Stored data Start Marker

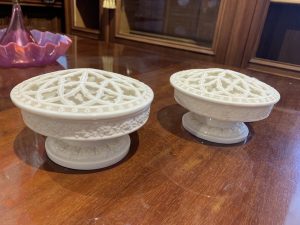 ZZ5105A  Pair of Pot Pourri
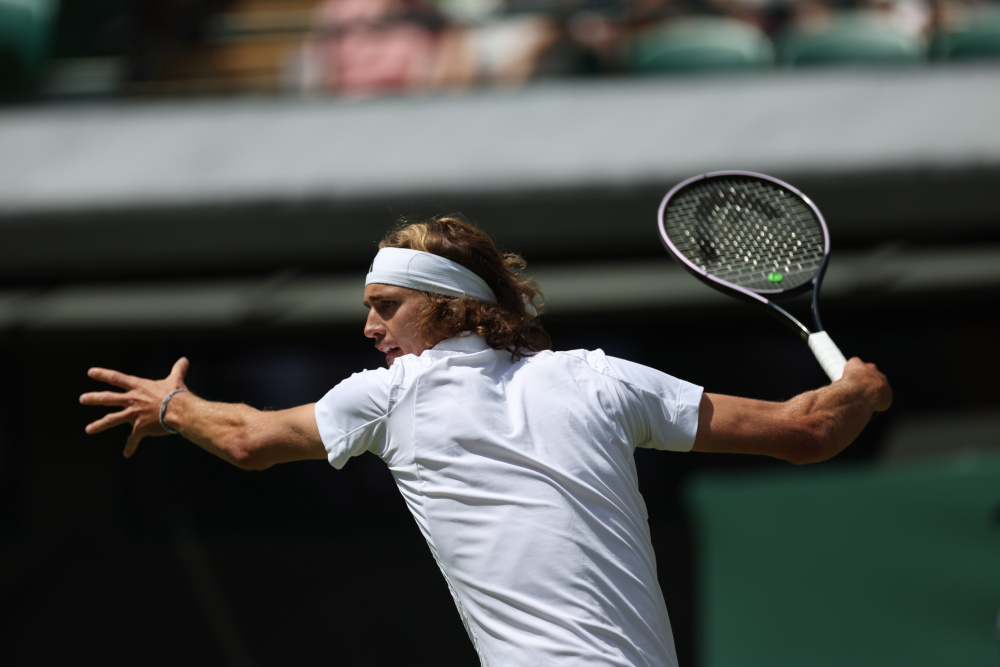 温网逆转蒙特卡洛大师赛,兹维列夫高光表现 温网逆转蒙特卡洛大师赛,兹维列夫高光表现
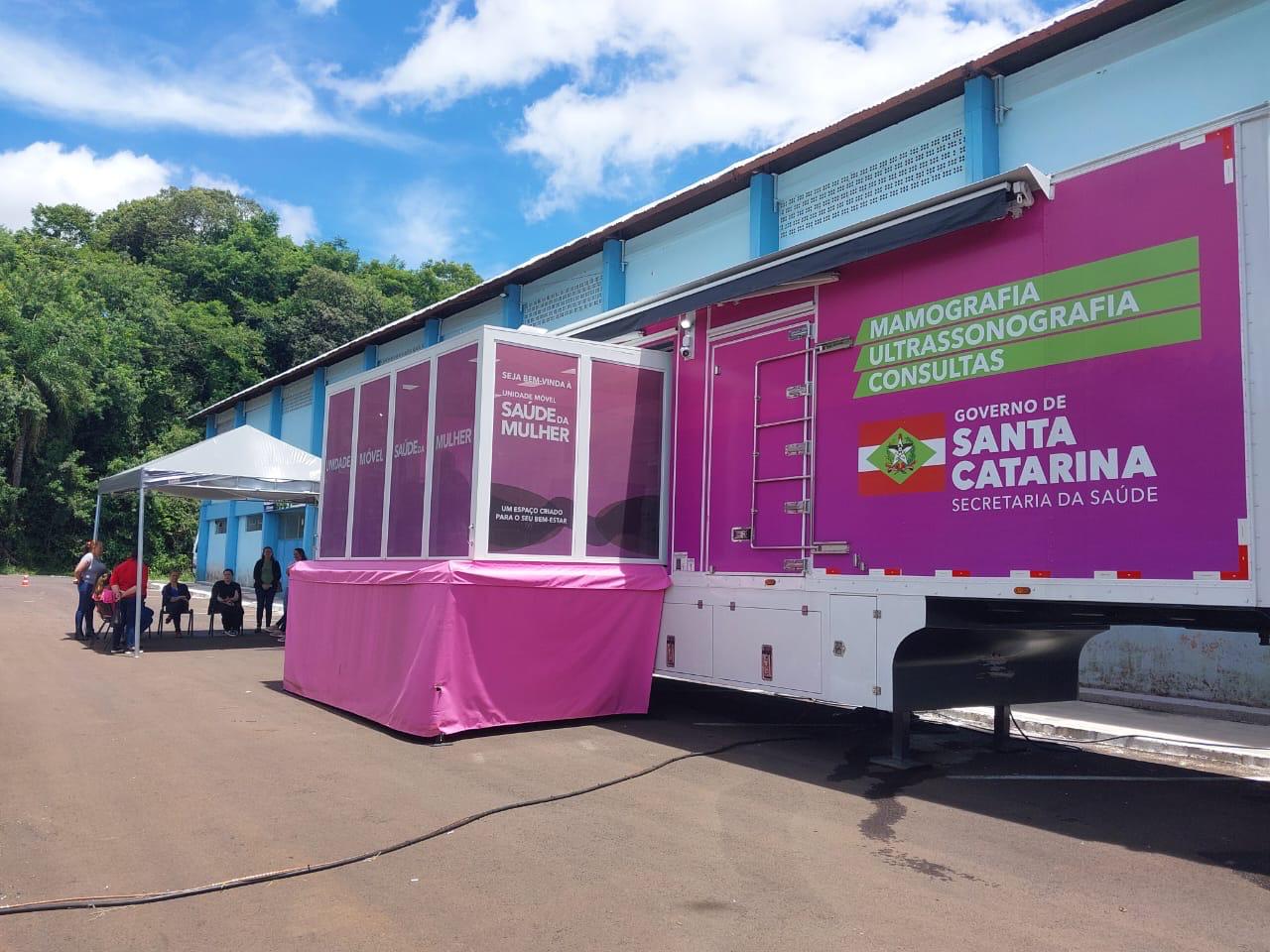 Pacientes de Sul Brasil participam de atendimentos da Carreta da Mamografia SC em Palmitos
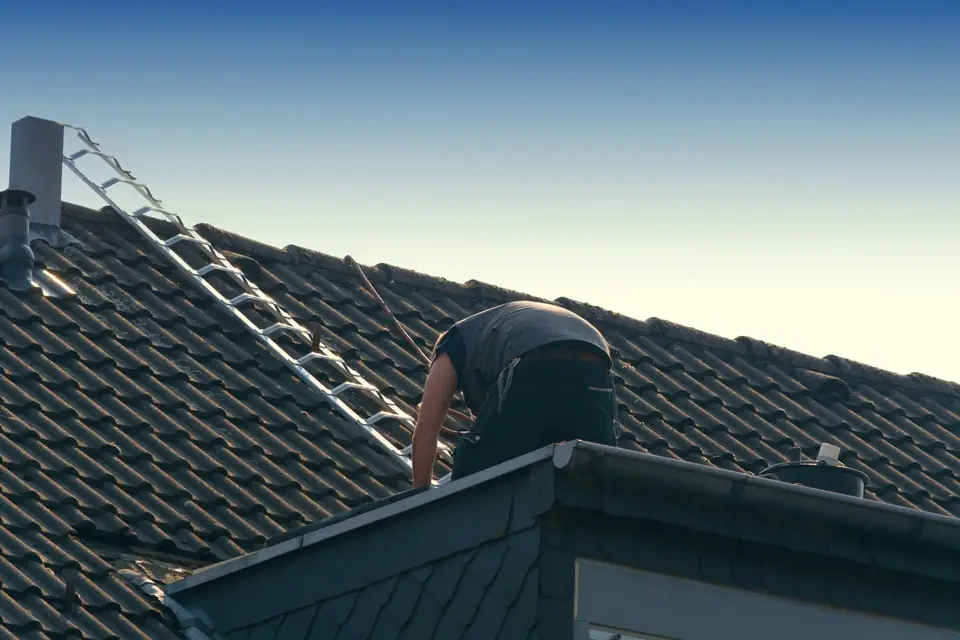 Detail van gemonteerde witte boeidelen langs een dakrand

Stored data End Marker

- **What you have to do**: The expected output is the run of lines from the one containing "Pacientes de Sul" to the last line of the listing above, both included, word for word and free of pictures.

- **Solution below**:
 Pacientes de Sul Brasil participam de atendimentos da Carreta da Mamografia SC em Palmitos
 Detail van gemonteerde witte boeidelen langs een dakrand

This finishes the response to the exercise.